Raja of Khilchipur
- Reign: c. 1942 – 25 December 1961
- Predecessor: Durjan Sal Singh
- Successor: Bhartendra Singh
- Born: 6 March 1918
- Died: 25 December 1966 (aged 48)
- Spouse: Saraswati Devi
- Issue Detail: Indu Kumari; Meenakshi Kumari; Jaishree Kumari; Bhartendra Singh;
- House: Khilchipur
- Dynasty: Chauhan
- Father: Durjan Sal Singh
- Education: Daly College

= Yashodar Singh =

Raja of Khilchipur 1942/1961

Yashodar Singh was the Raja of Khilchipur from 1942 until his death in 1961.

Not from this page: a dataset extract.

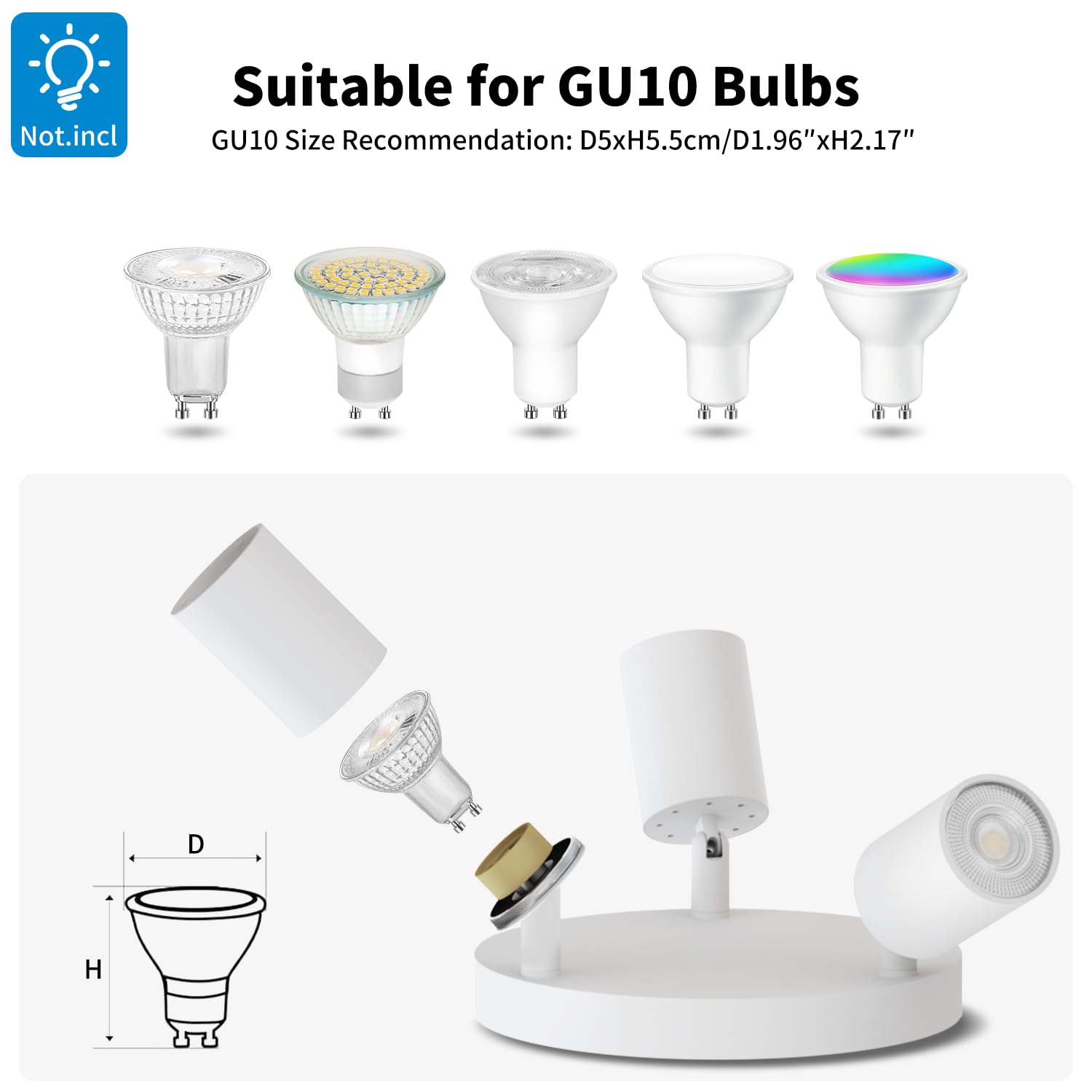 LVWIT GU10 Circular Ceiling Light,Kitchen Lights Ceiling,White Light Fittings Ceilings,3 Way Ceiling Spotlight Fitting,GU10 Base Spot Lights for Kitchen Lounge Bedroom Dining Room(Bulb Not Included) - Image 4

== Early life, family, and education ==
He was born on 6 March 1918 to Durjan Sal Singh, the Raja of Khilchipur, and his wife, a daughter of the Raja of Sailana. He was educated at Daly College, Indore. In 1937, he married Saraswati Devi, the only daughter of Bhagwant Singh Ju Deo and sister of Vir Singh Ju Deo, the Maharaja of Orchha. The couple had three daughters, Indu Kumari, Meenakshi Kumari, Jaishree Kumari, and a son, Bhartendra Singh.

== Reign ==
Upon the death of his father in 1942, he succeeded him as the Raja of Khilichipur. He signed the instrument of accession on 11 August 1947, and by it he acceded his state to the Dominion of India. Later, he, like many of his fellow rulers, signed the covenant at New Delhi to form Madhya Bharat.

== Death ==
He died on 25 December 1961 and was succeeded by Bhartendra Singh to his title, rank and dignity.